14 lutego 2018, 21:49 | Autor: RedakcjaNa koniec dnia dotarła do nas smutna wiadomość. Nasz kolega Robert Ławski, znany na trybunach Widzewa jako „Wicek”, odtąd będzie oglądał swoją ukochaną drużynę z najlepszego z możliwych sektorów, tego w niebie.
Robert był z rocznika 1968, pierwszego który zyskał przewagę w mieście dla czerwono-biało-czerwonych barw. Zresztą w jego przypadku inna droga nie istniała – był synem byłego boksera RTS Jerzego Ławskiego. Również brat ojca, Czesław, bił się w ringu za Widzew.

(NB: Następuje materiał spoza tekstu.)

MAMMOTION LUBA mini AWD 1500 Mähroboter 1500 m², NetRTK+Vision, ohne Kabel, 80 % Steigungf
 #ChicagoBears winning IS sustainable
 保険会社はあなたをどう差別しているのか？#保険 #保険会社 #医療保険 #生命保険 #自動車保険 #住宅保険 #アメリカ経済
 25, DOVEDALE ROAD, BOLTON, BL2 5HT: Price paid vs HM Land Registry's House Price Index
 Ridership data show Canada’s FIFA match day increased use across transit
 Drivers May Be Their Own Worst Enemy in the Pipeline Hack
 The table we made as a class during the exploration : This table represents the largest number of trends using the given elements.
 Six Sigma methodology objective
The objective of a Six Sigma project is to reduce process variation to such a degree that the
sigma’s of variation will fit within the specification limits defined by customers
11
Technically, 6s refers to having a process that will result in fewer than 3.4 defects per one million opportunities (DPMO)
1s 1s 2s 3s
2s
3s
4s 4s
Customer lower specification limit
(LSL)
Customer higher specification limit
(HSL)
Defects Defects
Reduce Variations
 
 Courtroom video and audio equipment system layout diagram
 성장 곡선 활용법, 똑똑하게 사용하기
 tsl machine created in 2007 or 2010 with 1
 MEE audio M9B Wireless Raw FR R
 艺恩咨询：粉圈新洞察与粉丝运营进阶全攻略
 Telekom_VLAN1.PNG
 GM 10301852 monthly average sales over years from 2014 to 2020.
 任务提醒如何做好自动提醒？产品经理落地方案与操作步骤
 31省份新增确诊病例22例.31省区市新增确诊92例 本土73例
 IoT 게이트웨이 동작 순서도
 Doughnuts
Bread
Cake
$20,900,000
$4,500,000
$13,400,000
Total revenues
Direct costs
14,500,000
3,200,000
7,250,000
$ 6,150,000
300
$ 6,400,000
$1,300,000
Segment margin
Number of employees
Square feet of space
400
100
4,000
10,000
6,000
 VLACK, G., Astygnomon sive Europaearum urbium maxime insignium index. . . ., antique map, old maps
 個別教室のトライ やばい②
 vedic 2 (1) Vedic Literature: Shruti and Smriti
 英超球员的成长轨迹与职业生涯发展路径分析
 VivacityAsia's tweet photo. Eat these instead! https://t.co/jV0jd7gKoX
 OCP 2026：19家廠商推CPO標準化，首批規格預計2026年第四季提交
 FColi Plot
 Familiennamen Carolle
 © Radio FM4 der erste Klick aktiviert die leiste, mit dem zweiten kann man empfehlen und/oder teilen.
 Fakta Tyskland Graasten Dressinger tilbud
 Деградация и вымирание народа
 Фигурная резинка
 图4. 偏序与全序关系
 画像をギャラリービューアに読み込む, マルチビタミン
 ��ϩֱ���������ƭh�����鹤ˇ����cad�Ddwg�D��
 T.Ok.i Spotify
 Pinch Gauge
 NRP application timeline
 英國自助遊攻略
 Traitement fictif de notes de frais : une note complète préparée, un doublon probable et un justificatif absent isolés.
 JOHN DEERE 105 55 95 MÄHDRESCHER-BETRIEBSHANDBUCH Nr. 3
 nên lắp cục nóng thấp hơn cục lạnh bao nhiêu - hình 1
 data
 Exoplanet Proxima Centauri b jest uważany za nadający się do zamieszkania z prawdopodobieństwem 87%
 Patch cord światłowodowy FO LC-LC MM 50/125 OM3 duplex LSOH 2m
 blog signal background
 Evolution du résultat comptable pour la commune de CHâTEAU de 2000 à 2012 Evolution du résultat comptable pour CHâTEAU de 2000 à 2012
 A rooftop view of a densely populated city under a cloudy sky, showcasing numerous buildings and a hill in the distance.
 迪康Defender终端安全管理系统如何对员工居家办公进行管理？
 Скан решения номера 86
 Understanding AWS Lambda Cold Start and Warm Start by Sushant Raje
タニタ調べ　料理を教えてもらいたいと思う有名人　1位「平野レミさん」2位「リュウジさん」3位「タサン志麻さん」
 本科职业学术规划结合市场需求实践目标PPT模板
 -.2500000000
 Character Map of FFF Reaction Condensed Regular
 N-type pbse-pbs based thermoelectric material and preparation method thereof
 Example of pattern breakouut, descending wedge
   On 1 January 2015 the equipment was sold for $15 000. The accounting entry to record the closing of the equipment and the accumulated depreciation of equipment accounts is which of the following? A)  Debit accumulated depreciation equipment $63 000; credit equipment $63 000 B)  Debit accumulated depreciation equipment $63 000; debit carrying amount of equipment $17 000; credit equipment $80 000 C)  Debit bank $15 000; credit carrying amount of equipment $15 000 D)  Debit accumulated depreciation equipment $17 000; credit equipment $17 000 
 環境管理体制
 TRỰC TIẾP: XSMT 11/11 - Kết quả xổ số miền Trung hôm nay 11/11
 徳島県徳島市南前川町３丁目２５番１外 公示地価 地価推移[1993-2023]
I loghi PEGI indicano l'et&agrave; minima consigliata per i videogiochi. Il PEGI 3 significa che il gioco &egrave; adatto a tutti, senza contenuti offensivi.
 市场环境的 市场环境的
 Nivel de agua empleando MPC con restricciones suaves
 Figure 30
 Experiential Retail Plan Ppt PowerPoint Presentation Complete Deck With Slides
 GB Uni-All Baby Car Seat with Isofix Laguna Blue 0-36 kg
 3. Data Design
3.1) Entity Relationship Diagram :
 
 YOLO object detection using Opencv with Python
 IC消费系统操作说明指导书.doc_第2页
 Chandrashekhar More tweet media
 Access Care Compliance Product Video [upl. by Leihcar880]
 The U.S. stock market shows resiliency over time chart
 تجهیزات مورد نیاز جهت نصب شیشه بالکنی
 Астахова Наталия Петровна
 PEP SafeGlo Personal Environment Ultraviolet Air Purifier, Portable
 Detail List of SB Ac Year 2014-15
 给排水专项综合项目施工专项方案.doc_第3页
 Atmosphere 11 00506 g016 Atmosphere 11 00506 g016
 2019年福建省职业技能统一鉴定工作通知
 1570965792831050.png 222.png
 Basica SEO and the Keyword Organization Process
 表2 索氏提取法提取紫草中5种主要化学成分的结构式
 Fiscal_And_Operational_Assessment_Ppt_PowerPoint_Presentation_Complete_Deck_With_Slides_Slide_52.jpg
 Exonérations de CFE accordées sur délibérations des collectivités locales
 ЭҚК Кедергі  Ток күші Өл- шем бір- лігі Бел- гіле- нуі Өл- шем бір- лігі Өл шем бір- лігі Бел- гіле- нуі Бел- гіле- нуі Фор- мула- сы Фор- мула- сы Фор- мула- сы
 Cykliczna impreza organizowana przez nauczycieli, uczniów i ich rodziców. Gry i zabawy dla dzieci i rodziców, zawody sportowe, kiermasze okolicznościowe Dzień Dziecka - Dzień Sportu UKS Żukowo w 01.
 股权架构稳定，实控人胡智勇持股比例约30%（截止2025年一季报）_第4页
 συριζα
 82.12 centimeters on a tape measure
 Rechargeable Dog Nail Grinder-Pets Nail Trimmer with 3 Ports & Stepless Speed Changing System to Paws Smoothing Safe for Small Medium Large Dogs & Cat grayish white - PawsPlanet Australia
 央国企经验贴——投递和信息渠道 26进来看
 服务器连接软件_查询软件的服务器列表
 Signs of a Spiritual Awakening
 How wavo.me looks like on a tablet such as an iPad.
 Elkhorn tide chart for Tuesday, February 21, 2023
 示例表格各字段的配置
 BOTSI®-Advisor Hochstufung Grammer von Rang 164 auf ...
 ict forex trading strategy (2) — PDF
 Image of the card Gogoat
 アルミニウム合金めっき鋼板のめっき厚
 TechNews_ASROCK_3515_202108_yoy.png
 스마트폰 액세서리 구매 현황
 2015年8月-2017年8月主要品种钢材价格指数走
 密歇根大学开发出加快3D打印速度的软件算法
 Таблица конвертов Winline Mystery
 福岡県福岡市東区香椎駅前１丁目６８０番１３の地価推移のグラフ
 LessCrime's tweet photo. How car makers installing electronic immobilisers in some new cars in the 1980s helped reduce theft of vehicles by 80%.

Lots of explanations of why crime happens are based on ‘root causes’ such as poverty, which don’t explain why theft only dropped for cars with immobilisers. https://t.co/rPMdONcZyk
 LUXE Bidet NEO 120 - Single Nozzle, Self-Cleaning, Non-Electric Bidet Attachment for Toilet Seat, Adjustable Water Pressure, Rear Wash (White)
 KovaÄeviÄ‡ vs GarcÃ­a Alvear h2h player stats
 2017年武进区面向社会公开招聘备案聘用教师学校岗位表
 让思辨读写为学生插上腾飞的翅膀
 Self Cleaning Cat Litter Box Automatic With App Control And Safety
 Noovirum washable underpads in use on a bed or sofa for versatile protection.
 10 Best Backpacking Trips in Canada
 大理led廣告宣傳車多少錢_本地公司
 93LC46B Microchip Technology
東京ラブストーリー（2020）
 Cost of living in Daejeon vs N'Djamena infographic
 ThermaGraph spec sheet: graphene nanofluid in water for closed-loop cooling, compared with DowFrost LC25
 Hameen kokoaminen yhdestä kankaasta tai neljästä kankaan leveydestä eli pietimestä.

„Wicek” wodził prym w młynie na przełomie lat 80-tych i 90-tych. Cieszył się sympatią i szacunkiem innych widzewiaków. Zawsze można było na niego liczyć w czasie wyjazdów, nawet w najmniej korzystnym położeniu. Wiosną 1991 roku był jednym z trzech widzewiaków, którzy wydali pierwszego historycznego zina w Klubie Kibica. Ich „Widzewiak” miał format A-4 i był pisany na maszynie. Ukazało się 280 egzemplarzy w cenie ówczesnych 3000 złotych.
Rok później, na łamach lokalnego tygodnika piłkarskiego „1:0”, można było znaleźć frazę wypowiedzianą przez innego popularnego wówczas fana Widzewa: „Na pewno jedni z najbardziej kochający Widzew to Mucha, Ozzi, Wicek…”
I niech tak już zostanie. Żegnaj bracie!
P.S. Pogrzeb Roberta Ławskiego odbędzie się w najbliższy piątek, 16 lutego, o godzinie 13:15, na cmentarzu przy ulicy Zakładowej na Olechowie.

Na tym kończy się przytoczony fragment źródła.